-- THE TASK --
Take the entries that follow and return only the lines from the one with "Shots Ouch Breathable" through the final line, leaving every picture behind.

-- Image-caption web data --
□ □ □

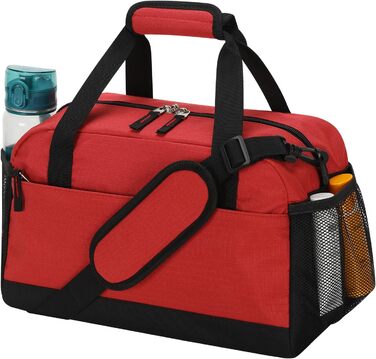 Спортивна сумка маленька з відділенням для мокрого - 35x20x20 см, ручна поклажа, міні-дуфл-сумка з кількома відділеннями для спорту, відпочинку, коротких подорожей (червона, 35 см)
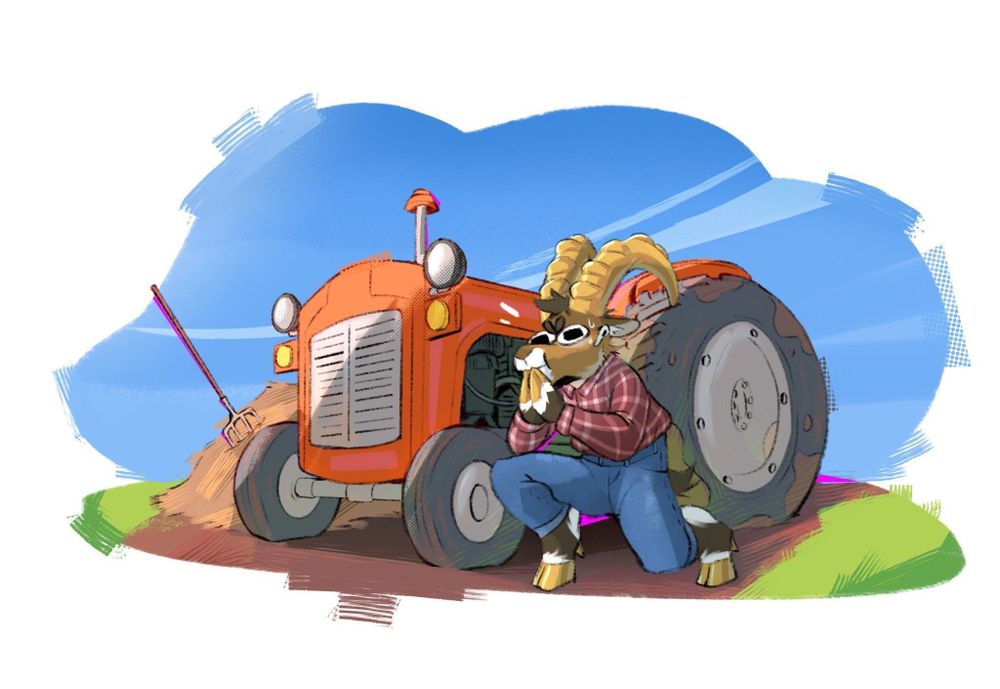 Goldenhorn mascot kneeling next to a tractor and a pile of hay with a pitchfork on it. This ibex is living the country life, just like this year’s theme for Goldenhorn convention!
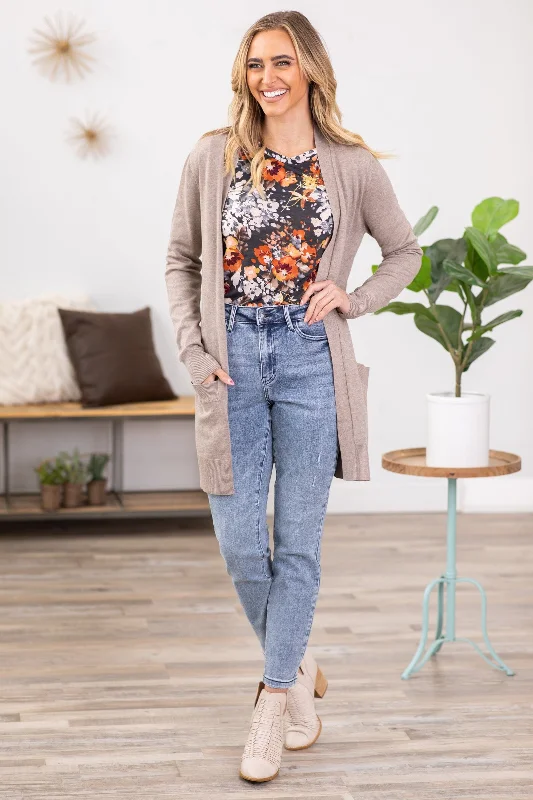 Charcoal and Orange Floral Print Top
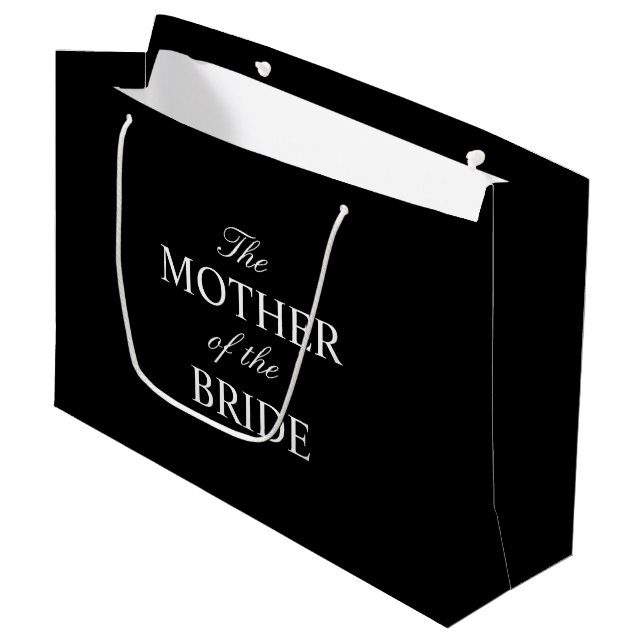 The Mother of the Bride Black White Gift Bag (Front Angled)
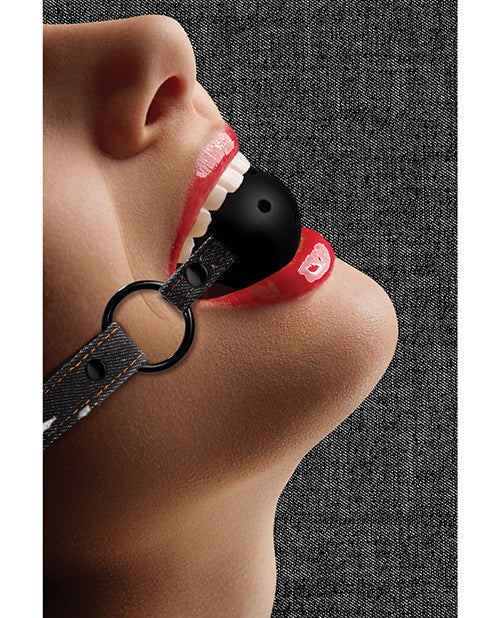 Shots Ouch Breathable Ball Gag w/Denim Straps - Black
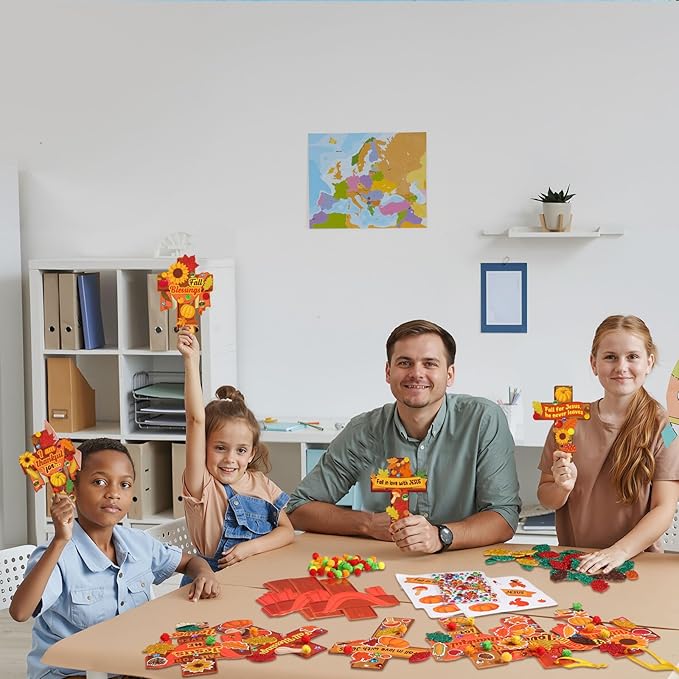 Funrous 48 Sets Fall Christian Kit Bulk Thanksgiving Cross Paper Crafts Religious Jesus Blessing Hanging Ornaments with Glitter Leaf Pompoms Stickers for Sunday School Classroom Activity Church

□ □ □

-- RESPONSE --
 Shots Ouch Breathable Ball Gag w/Denim Straps - Black
 Funrous 48 Sets Fall Christian Kit Bulk Thanksgiving Cross Paper Crafts Religious Jesus Blessing Hanging Ornaments with Glitter Leaf Pompoms Stickers for Sunday School Classroom Activity Church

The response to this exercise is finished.